Grade 9 Exam  >  Grade 9 Notes  >  Statistics & Probability  >  Chapter Notes: Introduction To Scatterplots

Chapter Notes: Introduction To Scatterplots

Data tells a story, but sometimes that story is hard to see when you're looking at a long list of numbers. One powerful way to reveal patterns and relationships between two different measurements is to create a visual display called a scatterplot. A scatterplot (also called a scatter diagram or scatter graph) shows how two variables relate to each other by plotting points on a coordinate grid. Each point represents one observation or individual. By looking at the overall pattern of the points, you can quickly see whether the two variables tend to increase together, move in opposite directions, or have no clear relationship at all. Scatterplots are used everywhere-from analyzing the relationship between study time and test scores, to exploring connections between temperature and ice cream sales, to investigating patterns in scientific data.

What Is a Scatterplot?

A scatterplot is a graph that displays the relationship between two numerical variables. One variable is plotted along the horizontal axis (the \( x \)-axis), and the other variable is plotted along the vertical axis (the \( y \)-axis). Each individual data point is represented by a single dot (or other marker) on the graph. The position of each dot is determined by its \( x \)-value and \( y \)-value.

Unlike a line graph, where points are connected in sequence, the points in a scatterplot are not connected. Instead, we look at the overall pattern formed by all the dots together. This pattern helps us understand how the two variables are related.

Key Components of a Scatterplot

  • Horizontal Axis (\( x \)-axis): Represents the independent variable or explanatory variable. This is often the variable you think might influence the other variable.
  • Vertical Axis (\( y \)-axis): Represents the dependent variable or response variable. This is often the variable you think might be affected by the other variable.
  • Data Points: Each dot represents one observation or individual. The coordinates of the dot are \((x, y)\), where \( x \) is the value of the first variable and \( y \) is the value of the second variable.
  • Title: Describes what the scatterplot shows.
  • Axis Labels: Clearly identify what each axis represents, including units of measurement.
  • Scale: Both axes should have evenly spaced tick marks with labeled values.

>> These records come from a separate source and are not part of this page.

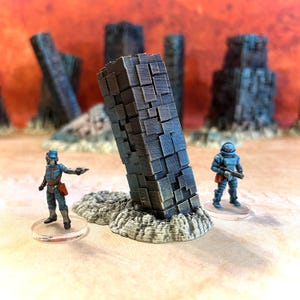 Op de afbeelding: Een 3D-geprint miniatuur van een futuristische, gebroken, grijze en blauwe kolom, met een textuur. Twee miniatuurfiguren, een in blauw en een in grijs, staan ​​naast de kolom.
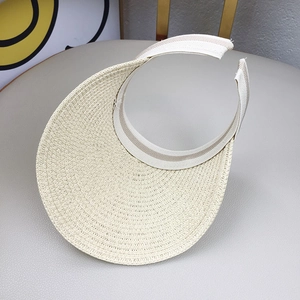 Detailed top view of beige straw open top sun hat with woven texture for kids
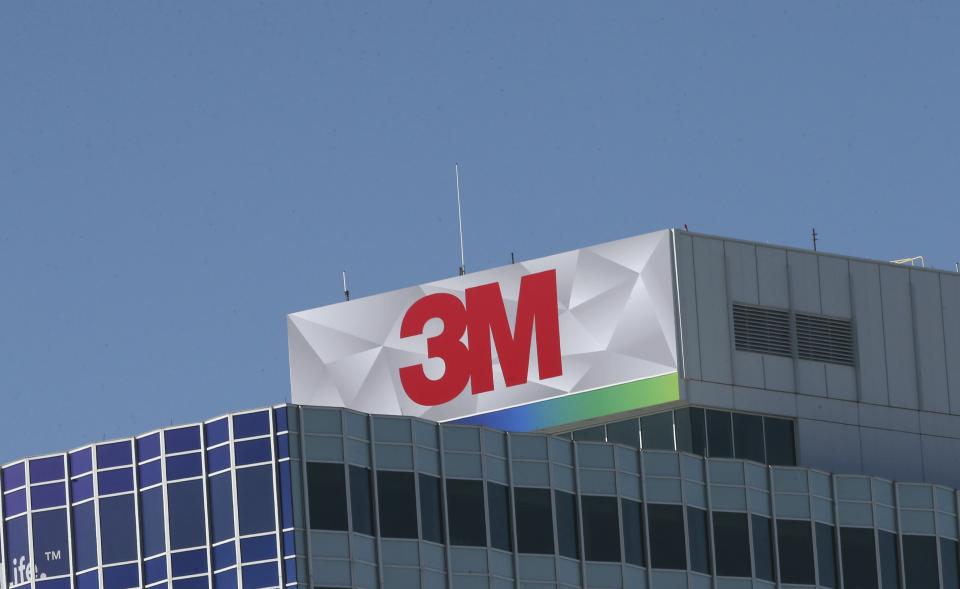 In this Aug. 29, 2019 photo, the 3M corporate logo stands atop the headquarters of the Minnesota-based company in Maplewood, Minn. (AP Photo/Jim Mone)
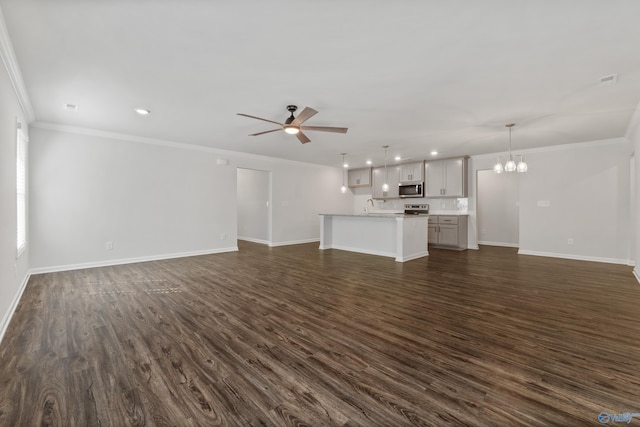 138 Barlow Way, Owens Cross Roads, AL 35763 - unfurnished living room with crown molding, baseboards, dark wood-style flooring, and ceiling fan with notable chandelier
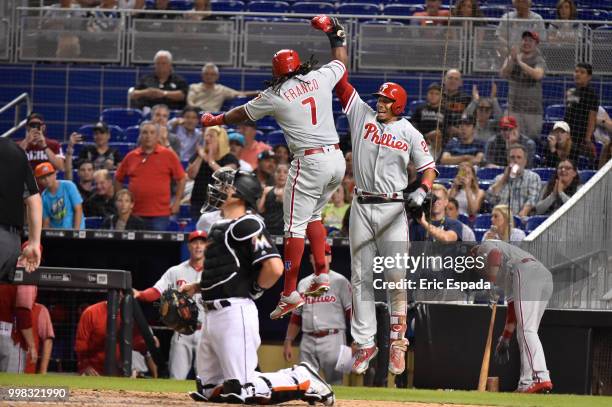Maikel Franco of the Philadelphia Phillies high fives Aaron Altherr after hitting a home run in the ninth inning against the Miami Marlins at Marlins...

Example:  A teacher records the number of hours six students studied for a test and their test scores.
The data is: Student A (2 hours, 65 points), Student B (3 hours, 70 points), Student C (5 hours, 85 points), Student D (1 hour, 60 points), Student E (4 hours, 80 points), Student F (6 hours, 90 points).

Create a scatterplot for this data.

Solution:

Step 1: Identify the variables. Hours studied will be the \( x \)-variable (independent), and test score will be the \( y \)-variable (dependent).

Step 2: Set up axes. The \( x \)-axis ranges from 0 to 7 hours. The \( y \)-axis ranges from 50 to 100 points.

Step 3: Plot each point using its \((x, y)\) coordinates: (2, 65), (3, 70), (5, 85), (1, 60), (4, 80), (6, 90).

Step 4: Label axes and add a title such as "Study Time vs. Test Score."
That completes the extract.